Shared metrics (raw output)

This page is meant to share reproducible metrics for each stage of the full chain. Feel free to open it in Binder to customize the visualization.

Warning

None of these metrics are convolved with the analysis tools.

Note

Technical details

Config location: config/chain/metrics.cfg

Sample was generated with MPV/MPR generator using icaruscode v09_49_00.

import numpy as np
import pandas as pd

import matplotlib
from matplotlib import pyplot as plt
import seaborn
seaborn.set(rc={
    'figure.figsize':(15, 10),
})
seaborn.set_context('talk') # or paper
import os
METRICS_FOLDER = '/sdf/group/neutrino/ldomine/chain/me/mpvmpr_062022/log_metrics3/'

UResNet

Confusion matrix

def plot_confusion_matrix(cm,
                          normalize=False,
                          title=None,
                          cmap=plt.cm.Blues,
                         xlabel='Predicted label',
                         ylabel='True label',
                         xticklabels=['Shower', 'Track', 'Michel', 'Delta', 'LowE'],
                         yticklabels=['Shower', 'Track', 'Michel', 'Delta', 'LowE'],
                         show_colorbar=True):
    """
    This function prints and plots the confusion matrix.
    Normalization can be applied by setting `normalize=True`.
    """
    fig, ax = plt.subplots()
    #print(cm.shape)
    im = ax.imshow(cm, interpolation='nearest', cmap=cmap)
    if show_colorbar:
        ax.figure.colorbar(im, ax=ax)
    #labels = ['HIP', 'MIP', 'Shower', 'Delta', 'Michel']
    labels = yticklabels
    # We want to show all ticks...
    ax.set(xticks=np.arange(cm.shape[1]),
           yticks=np.arange(cm.shape[0]),
           # ... and label them with the respective list entries
           xticklabels=xticklabels, yticklabels=labels,
           title=title,
           ylabel=ylabel,
           xlabel=xlabel,
           ylim=(-0.5, cm.shape[0]-0.5))

    # Rotate the tick labels and set their alignment.
    plt.setp(ax.get_xticklabels(), rotation=45, ha="right",
             rotation_mode="anchor")

    # Loop over data dimensions and create text annotations.
    fmt = '.2f'
    thresh = cm.max() / 2.
    for i in range(cm.shape[0]):
        for j in range(cm.shape[1]):
            ax.text(j, i, format(cm[i, j], fmt),
                    ha="center", va="center",
                    color="white" if cm[i, j] > thresh else "black")
    fig.tight_layout()
    return ax
from numpy.linalg import norm
range = __builtins__.range

def confusion_matrix(metrics, num_classes):
    x = np.zeros((num_classes+1, num_classes+1))
    for c in range(num_classes):
        for c2 in range(num_classes):
            x[c][c2] = np.nansum(metrics['confusion_%d_%d' % (c, c2)])
        x[c][-1] = np.nansum(metrics['num_true_pix_class%d' % c]-metrics['num_true_deghost_pix_class%d' % c])
        x[num_classes][c] = np.nansum(metrics['ghost2nonghost_class%d' % c])
    x[num_classes, num_classes] = np.nansum((metrics['ghost2ghost'])*metrics['num_ghost_points'])
    return x / x.sum(axis=1, keepdims=True)

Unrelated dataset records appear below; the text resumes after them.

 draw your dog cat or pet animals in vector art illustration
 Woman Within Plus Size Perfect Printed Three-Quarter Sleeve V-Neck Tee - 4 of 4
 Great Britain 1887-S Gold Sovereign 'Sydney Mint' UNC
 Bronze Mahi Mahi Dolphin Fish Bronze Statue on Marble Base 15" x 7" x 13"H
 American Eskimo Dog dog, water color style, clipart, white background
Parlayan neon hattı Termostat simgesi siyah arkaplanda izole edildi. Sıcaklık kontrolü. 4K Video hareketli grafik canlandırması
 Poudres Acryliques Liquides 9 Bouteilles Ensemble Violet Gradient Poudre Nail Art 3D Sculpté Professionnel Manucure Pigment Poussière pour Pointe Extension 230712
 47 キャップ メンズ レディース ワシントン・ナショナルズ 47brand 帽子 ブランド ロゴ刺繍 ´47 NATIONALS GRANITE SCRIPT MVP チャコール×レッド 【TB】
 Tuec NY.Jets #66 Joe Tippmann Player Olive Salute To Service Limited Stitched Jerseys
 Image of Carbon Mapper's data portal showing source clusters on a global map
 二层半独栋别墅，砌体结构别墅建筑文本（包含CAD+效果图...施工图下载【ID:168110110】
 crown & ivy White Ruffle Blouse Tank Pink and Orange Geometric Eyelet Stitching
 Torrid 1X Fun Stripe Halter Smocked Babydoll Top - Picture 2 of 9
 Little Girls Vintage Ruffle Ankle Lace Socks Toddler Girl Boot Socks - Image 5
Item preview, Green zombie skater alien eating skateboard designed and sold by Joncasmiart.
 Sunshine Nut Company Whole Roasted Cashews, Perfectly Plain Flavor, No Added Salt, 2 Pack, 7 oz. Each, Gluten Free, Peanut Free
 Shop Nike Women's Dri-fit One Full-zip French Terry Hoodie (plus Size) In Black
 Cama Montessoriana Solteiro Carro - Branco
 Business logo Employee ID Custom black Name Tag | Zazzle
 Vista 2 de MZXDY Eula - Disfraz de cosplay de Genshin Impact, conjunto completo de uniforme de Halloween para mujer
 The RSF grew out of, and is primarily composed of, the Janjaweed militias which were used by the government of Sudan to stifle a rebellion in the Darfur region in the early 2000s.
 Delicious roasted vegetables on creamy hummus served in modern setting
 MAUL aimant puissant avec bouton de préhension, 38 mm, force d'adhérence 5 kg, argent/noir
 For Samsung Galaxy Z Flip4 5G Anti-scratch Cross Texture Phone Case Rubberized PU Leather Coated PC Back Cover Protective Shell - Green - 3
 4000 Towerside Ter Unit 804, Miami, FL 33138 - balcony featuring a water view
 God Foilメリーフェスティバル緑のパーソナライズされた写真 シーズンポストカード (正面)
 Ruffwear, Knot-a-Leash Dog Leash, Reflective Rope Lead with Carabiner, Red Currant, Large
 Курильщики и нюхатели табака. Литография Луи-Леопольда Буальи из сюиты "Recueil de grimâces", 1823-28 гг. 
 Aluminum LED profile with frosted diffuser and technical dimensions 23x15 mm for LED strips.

def confusion_matrix2(metrics, num_classes):
    x = np.zeros((num_classes, num_classes))
    for c in range(num_classes):
        for c2 in range(num_classes):
            x[c][c2] = np.nansum(metrics['confusion_%d_%d' % (c, c2)])
    return x / x.sum(axis=1, keepdims=True)
deghosting = pd.read_csv(os.path.join(METRICS_FOLDER, 'deghosting_metrics.csv'))

Ghost vs nonghost confusion matrix

cm = np.empty((2, 2))

cm[0, 0] = (deghosting['ghost2ghost']*deghosting['num_ghost_points']).sum()
cm[0, 1] = (deghosting['num_ghost_points'] * (1 - deghosting['ghost2ghost'])).sum()
cm[1, 1] = (deghosting['nonghost2nonghost'] * deghosting['num_nonghost_points']).sum()
cm[1, 0] = (deghosting['num_nonghost_points']* (1 -deghosting['nonghost2nonghost'] )).sum()

cm[0, :] /= cm[0, :].sum()
cm[1, :] /= cm[1, :].sum()

seaborn.set(style="white", font_scale=2.5)
plot_confusion_matrix(np.array(cm*100),
                      show_colorbar=False,
                     xticklabels=['Ghost', 'Nonghost'],
                     yticklabels=['Ghost', 'Nonghost'])

seaborn.set(rc={
    'figure.figsize':(15, 10),
})
seaborn.set_context('talk')
../_images/Raw_8_0.png

Semantic confusion matrix, nonghost only

We restrict the voxels to the true nonghost voxels correctly predicted as nonghost.

seaborn.set(style="white", font_scale=2.5)
plot_confusion_matrix(np.array(confusion_matrix2(deghosting, 5)*100))

seaborn.set(rc={
    'figure.figsize':(15, 10),
})
seaborn.set_context('talk')
../_images/Raw_10_0.png

Global semantic confusion matrix (including ghosts)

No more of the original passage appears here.